Monsters, Inc.

por Chris Floyd [*]

O grande feiticeiro, líder dos Sábios, outrora conhecido em todo o mundo como uma força do bem, tornou-se amargo, temeroso — e ambicioso. Macaqueando os modos do mal que ele outrora combateu — brutalidade, dominação, avareza, terror — ele desceu ao seu laboratório secreto onde, com a magia negra da alquimia e da tecnologia satânica, engendrou uma raça de guerreiros mutantes, "corpos de ferro e vontades de ferro": combatentes ferozes que podem atacar noite e dia, sem descanso, com um espírito de combate que se mantém elevado graças aos lampejos da varinha do feiticeiro.

Uma cena de "O Senhor dos Anéis", de J.R.R. Tolkein, onde o corrupto feiticeiro Saruman molda o seu monstruoso Uruk-Hai para travar uma cruel e impiedosa guerra de dominação? Não, infelizmente trata-se de um esquema muito real que agora está a ser prosseguido pelo Pentágono, cujos feiticeiros da droga e manipuladores genéticos trabalham na criação do "Desempenho Extendido do combatente em guerra" ("Extended Performance War Fighter") , relatam o Daily Telegraph e o Christian Science Monitor.
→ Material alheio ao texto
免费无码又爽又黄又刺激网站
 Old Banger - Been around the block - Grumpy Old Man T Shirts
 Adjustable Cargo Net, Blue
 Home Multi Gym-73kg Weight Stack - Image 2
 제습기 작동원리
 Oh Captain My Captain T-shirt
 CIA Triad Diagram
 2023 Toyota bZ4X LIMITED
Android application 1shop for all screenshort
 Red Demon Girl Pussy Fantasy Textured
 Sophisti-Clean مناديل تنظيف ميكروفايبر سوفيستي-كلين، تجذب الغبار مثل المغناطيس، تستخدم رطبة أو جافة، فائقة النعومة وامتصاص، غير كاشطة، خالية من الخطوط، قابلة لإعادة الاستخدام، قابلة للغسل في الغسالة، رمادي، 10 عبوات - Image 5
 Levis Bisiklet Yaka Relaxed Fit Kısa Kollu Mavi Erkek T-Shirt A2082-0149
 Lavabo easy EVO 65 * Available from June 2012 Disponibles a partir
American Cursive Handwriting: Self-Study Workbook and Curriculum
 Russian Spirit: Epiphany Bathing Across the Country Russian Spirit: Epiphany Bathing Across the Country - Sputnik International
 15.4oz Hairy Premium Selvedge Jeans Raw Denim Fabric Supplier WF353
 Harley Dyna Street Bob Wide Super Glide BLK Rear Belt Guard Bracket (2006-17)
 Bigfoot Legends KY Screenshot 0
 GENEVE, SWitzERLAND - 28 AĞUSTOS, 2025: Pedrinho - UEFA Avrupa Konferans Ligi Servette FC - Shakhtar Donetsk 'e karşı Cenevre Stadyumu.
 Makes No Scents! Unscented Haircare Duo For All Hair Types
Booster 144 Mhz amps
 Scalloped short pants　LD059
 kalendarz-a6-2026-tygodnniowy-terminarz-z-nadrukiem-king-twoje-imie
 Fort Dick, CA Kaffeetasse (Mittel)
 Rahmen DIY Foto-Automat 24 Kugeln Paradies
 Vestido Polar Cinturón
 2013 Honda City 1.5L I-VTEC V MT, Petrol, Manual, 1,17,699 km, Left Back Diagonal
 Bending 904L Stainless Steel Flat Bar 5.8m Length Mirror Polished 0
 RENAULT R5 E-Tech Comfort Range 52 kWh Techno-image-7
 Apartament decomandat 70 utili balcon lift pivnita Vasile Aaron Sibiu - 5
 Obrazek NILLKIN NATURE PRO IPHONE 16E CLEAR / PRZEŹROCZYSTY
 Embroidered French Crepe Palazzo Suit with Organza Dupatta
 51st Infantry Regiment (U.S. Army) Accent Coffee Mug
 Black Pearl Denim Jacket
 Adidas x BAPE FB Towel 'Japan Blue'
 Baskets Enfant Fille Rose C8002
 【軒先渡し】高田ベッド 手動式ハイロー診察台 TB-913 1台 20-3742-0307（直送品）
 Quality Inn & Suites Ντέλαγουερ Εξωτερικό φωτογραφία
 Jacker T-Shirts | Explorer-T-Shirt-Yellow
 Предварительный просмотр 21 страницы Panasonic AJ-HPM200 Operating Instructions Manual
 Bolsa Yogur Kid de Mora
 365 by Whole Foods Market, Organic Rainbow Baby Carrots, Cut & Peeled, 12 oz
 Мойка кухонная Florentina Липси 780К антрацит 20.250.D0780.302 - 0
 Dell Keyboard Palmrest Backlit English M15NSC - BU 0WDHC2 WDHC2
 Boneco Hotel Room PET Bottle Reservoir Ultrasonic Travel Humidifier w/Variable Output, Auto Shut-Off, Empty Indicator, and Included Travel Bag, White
O sinistro amo do Pentágono, Donald Rumsfeld, está a despejar biliões de dólares de impostos nos fornos de investigação de laboratórios federais e universidades privadas de toda a terra num esforço de grande alcance para desovar "super soldados", movidos por drogas e "cérebros electromagnéticos assassinos" que possam combater sem cessar dias a fio. O trabalho é dirigido pela Defense Advanced Research Projects Agency (DARPA) — sim, a mesma instituição que agora labora sob a tutela do condenado terrorista-conspirador John Poindexter na construção da rede "Conhecimento total da informação" ("Total Information Awareness") que permitirá ao governo monitorar os registos electrónicos e as comunicações de todos os cidadãos.

Os programas de "estimulação do combatente em guerra" do DARPA — uma aceleração dos bio-consertos que se desenvolve há vários anos — implicarão injectar homens e mulheres jovens com preparações hormonais, neurológicas e genéticas; implantar microchips e eléctrodos nos seus corpos a fim de controlar os seus órgãos internos e as suas funções cerebrais; e aplicar-lhes drogas que amorteçam algumas das suas tendências humanas normais: a necessidade de sono, o medo da morte, a relutância em matar seres humanos.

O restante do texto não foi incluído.